Aiming to improve the showroom experience, Lexus and a dozen of its dealers will try out a new, “no haggle” pricing policy – a move they admit could please some shoppers but send other potential buyers scurrying away.

The experiment, announced during an industry event in Traverse City, Michigan, would mark the first formal adoption of a fixed price approach since General Motors abandoned its Saturn brand during its bankruptcy six years ago.

Separately, Lexus General Manager Jeff Bracken said the Toyota luxury brand is giving serious consideration to adding a second “flagship” model that would be sold alongside the current top-end model, the big LS sedan.

Bargaining has long been a way of life for auto dealers, all the more so in a hotly competitive market like today. But studies show that while some shoppers love the opportunity to drive a good bargain, others hate the haggling and would prefer a less confrontational showroom experience.

That worked for Saturn which developed a loyal following largely based on its dealer experience, and during his speech at the annual Management Briefing Seminars, Bracken pointed to a successful Toyota dealer who has used a fixed-price policy for the last dozen years.

“So, we know it can be done, even in a highly competitive market.”

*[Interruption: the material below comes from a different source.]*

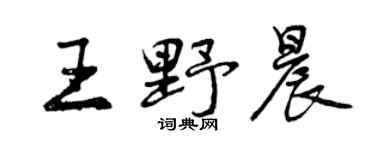 曾慶福王野晨行書個性簽名怎么寫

The idea of going to a no-haggle approach has been under discussion at Lexus, currently the top-selling luxury brand in the U.S., since 2013, The maker has identified a dozen, hand-picked dealers who will launch the pilot program during the first quarter of 2016.

If it proves successful, Lexus hopes to see the approach expand in 2017, though he cautioned that it won’t become a set policy for the brand. Some of the nation’s 236 Lexus dealers will likely continue to bargain.

(Lexus shows off a working hoverboard. For more, Click Here.)

At a time when new vehicle quality is better than ever, automakers have been struggling to find ways to enhance the appeal of their brands, and the dealer experience is considered critical.

The most successful dealers, notes consultant Fran O’Hagan, not only have friendly, knowledgeable sales people, but they also know how to take the extra steps to ensure a sale. Satisfied shoppers are more likely to turn into buyers, he said, something backed up by the annual research he conducts. The so-called Pied Piper Satisfaction Index shows a direct correlation between dealer experience and sales.

Lexus came in a close third in the latest study, behind only Mercedes-Benz, the perennial leader, and Nissan’s Infiniti brand.

(Lexus tops Mercedes, BMW in July sales battle. Click Here for the story.)

That has helped the maker take the lead in the luxury segment, at least for the moment, away from German rivals Mercedes-Benz and BMW. Lexus has targeted sales of 340,000 vehicles this year and is actually running slightly ahead of that pace.

Product has been the other key for the brand’s surge. Lexus has been putting more of an emphasis on design and performance than in years past, reflecting concerns that its vehicles were long too much plain vanilla. Its F Sport sub-brand, in particular, has been drawing in the younger buyers that long steered clear of Lexus showrooms.

Lexus also has scored with new models like the sporty RC coupe and the compact NX crossover. Now it is looking at opportunities at the top end. Following his speech in Traverse City, Lexus General Manager Bracken told the Reuters news service that the maker is considering adding a second flagship that would be sold alongside the current full-size halo car, the LS.

(Click Here to see more about the newly upgraded 2015 Lexus ES 300h.)

“We need a flagship. It doesn’t have to be a sedan,” said Bracken, though he declined to say what Lexus is working on.